Coyoacán was once a sleepy neighbourhood outside the centre of the city where no tourists would ever think of entering. But since the Frida Kahlo craze and her rise to fame, this neighbourhood which was once her home, has since become and a must-see destination for anyone visiting Mexico City. Many people visit Coyoacán on a bus tour simply to see the Casa Azul and leave shortly after. I implore you to block off an entire day to wander these streets! Take some time to discover the hidden secrets of the oldest neighbourhood in Mexico City.
This guided walking tour will lead you across the all the important stops in Coyoacán. I think to take it at a leisurely pace, leave yourself a whole day so you can take your time and go inside a few of the stops along the way. A google map with all the locations on the tour can be found at the bottom of this post.
The best way to get to Coyaocan, and our first stop on tour, is by Uber. You can also take the Metro, but the station is quite far away from our starting point. Ubers, as long as you take them outside of peak rush hour, are only about $5 US from the centre of Mexico City. The journey takes around 25 minutes depending on traffic.

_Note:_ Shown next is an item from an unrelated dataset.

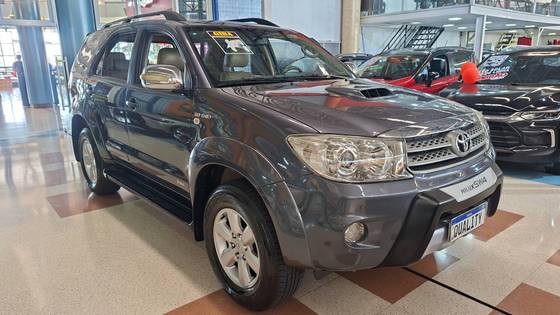 TOYOTA HILUX SW4 3.0 SRV 4X4 7 LUGARES 16V TURBO INTERCOOLER DIESEL 4P AUTOMÁTICO TOYOTA HILUX SW4 3.0 SRV 4X4 7 LUGARES 16V TURBO INTERCOOLER DIESEL 4P AUTOMÁTICO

The village of Coyoacán was founded in the 12th century by the Tepanec tribe. This tribe migrated from the Valley of Mexico and settled themselves in Coyoacán. There they shared a common language, Nahuatl, with the surrounding villages. Unfortunately, despite the common language and culture, the tribes were not allies for long and for centuries they fought against one and other to conquer land.
When Hernán Cortés arrived on their shores of Mexico in 1519, the Tepanec, who hated the native Mexican tribes, were more than happy to assist him in his mission to conquer them. Cortés established himself in Coyoacán with the tribe he had become close with. He brought with him much wealth and Coyoacán bloomed as one of the most beautiful villages in the world, not just in Mexico. When the capital of Mexico was moved to Mexico City, Coyoacán remained a quiet village, outside the influence of such political and commercial urbanization. Even today, they do not suffer from the same urban sprawl as the rest of Mexico City. You can still find narrows street filled with charming post-colonial architecture amongst ancient cobblestones and lush green gardens.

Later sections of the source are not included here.